The former Vanderbilt professor spoke at the event, highlighting the major themes of her campaign for mayor: opposition to the $9 billion transit plan on the May 1 ballot in Nashville Davidson County, support for improving the infrastructure by repairing potholes, roads and bridges, and support for ending cronyism and the accompanying unfair distribution of neighborhood resources
Though the grand opening celebration celebration was not a fundraising event, dozens of those in attendance chose to make a financial contribution to the campaign. Sources tell The Tennessee Star about $2,000 was contributed to the campaign by those who attended, more evidence that Swain is the only candidate capable of raising the necessary financial resources to seriously compete with Acting Mayor David Briley, the front runner in the May 24 special mayoral election in Nashville/Davidson County.
As The Star reported previously, the Swain campaign raised more than $40,000 in its first two weeks of operations.
Swain has generated endorsements and financial support from around the country, in addition to the support she has received from within Nashville/Davidson County.
Among the nationally known figures who have endorsed her campaign for mayor are conservative film maker and author Dinesh D’Souza, radio legend Dick Bott, and best-selling author and syndicated radio host Eric Metaxas.
Last week, Nashville businessman Lee Beaman, owner of the Beaman Automotive Group and one of the most well known auto dealers in Middle Tennessee, joined the Swain campaign as finance chairman.
Over 100 Swain for Mayor campaign signs were distributed to supporters as well.
A Tennessee Star Poll of the race for mayor released last week showed that Acting Mayor David Briley has a substantial 34 point lead over second-place Swain, 43 percent to 9 percent, with 32 percent of likely voters undecided.
However, Briley is 7 points below the 50 percent threshold he needs to cross in order to avoid a runoff with the second-place finisher.
Briley’s vigorous support of the expensive and wasteful $9 billion Nashville Transit Plan, could cut in to his support and add to Swain’s.
The same Tennessee Star Poll showed that likely Nashville/Davidson County voters oppose the transit plan by a 2-to-1 margin, 62 percent to 27 percent.
Early voting in the May 1 transit plan referendum began last week, and turnout is high.
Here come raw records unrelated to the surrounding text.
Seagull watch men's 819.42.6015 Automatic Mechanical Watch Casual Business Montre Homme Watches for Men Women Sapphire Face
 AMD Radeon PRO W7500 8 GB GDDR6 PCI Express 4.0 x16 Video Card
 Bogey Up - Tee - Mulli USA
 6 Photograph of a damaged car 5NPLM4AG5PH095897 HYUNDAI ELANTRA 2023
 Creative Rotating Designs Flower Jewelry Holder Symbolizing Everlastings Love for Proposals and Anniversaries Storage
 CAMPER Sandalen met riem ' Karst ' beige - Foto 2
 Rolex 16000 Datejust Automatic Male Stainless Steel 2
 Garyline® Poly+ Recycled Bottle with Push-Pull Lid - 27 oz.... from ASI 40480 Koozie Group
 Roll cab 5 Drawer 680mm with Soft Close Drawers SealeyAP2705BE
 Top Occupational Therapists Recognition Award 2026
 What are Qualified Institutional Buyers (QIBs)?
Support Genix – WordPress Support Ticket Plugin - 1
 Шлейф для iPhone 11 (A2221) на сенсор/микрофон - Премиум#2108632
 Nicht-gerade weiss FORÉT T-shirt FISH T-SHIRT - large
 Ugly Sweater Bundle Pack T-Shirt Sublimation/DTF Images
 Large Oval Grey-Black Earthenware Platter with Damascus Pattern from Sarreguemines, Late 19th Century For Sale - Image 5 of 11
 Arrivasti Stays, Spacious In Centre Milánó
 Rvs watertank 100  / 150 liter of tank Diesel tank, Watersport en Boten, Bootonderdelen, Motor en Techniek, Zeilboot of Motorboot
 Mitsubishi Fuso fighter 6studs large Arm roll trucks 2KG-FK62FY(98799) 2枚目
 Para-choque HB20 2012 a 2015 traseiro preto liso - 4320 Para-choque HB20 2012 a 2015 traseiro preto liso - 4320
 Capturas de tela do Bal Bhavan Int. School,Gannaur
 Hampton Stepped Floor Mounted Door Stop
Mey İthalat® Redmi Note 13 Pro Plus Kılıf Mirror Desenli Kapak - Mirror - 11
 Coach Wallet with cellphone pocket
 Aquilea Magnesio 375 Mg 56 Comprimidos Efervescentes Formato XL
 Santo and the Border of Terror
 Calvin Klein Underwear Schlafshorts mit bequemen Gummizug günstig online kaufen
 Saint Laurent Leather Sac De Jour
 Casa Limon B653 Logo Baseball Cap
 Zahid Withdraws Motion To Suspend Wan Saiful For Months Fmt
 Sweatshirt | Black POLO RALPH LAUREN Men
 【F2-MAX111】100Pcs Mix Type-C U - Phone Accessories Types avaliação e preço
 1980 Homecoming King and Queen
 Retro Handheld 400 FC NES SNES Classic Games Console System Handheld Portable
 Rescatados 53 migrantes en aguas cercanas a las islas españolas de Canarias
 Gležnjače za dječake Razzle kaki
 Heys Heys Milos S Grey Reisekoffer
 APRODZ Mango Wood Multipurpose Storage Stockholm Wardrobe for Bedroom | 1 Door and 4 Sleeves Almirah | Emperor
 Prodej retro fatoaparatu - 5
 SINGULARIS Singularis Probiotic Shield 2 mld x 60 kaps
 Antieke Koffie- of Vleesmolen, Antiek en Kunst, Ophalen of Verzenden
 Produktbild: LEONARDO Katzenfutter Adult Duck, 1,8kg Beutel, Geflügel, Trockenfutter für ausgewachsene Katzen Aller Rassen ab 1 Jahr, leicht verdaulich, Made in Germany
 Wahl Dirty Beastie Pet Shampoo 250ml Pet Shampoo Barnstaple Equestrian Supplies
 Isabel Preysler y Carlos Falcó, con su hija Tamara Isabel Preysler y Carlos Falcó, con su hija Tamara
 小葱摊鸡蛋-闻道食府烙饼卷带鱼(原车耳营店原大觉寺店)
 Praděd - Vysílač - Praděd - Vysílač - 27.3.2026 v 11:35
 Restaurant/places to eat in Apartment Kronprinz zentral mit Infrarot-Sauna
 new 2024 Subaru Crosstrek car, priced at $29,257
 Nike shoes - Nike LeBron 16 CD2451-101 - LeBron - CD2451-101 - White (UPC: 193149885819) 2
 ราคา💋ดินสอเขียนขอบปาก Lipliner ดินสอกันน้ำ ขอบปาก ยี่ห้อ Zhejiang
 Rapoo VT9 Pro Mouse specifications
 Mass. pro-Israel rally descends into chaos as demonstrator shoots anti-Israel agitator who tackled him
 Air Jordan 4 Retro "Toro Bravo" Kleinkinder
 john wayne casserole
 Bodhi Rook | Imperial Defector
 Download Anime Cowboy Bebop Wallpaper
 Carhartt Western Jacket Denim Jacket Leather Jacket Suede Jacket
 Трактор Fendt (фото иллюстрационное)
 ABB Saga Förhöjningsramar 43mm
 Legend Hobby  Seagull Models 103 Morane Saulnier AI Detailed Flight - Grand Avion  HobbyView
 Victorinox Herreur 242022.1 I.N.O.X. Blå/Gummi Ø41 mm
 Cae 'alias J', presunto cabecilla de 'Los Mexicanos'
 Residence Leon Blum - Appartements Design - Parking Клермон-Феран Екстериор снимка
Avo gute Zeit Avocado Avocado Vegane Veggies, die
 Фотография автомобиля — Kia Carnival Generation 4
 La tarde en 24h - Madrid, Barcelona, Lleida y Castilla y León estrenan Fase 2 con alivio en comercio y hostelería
Forty percent of those who have early voted are Republicans, higher than the percentage of registered voters in Nashville/Davidson County, which could be an early indication of heavy turnout among those opposed to the transit plan.
An energized conservative base showing up in the May 1 transit plan referendum could also be an early indication that voters who oppose Acting Mayor Briley’s progressive agenda will turn out more heavily in the May 24 mayoral special election.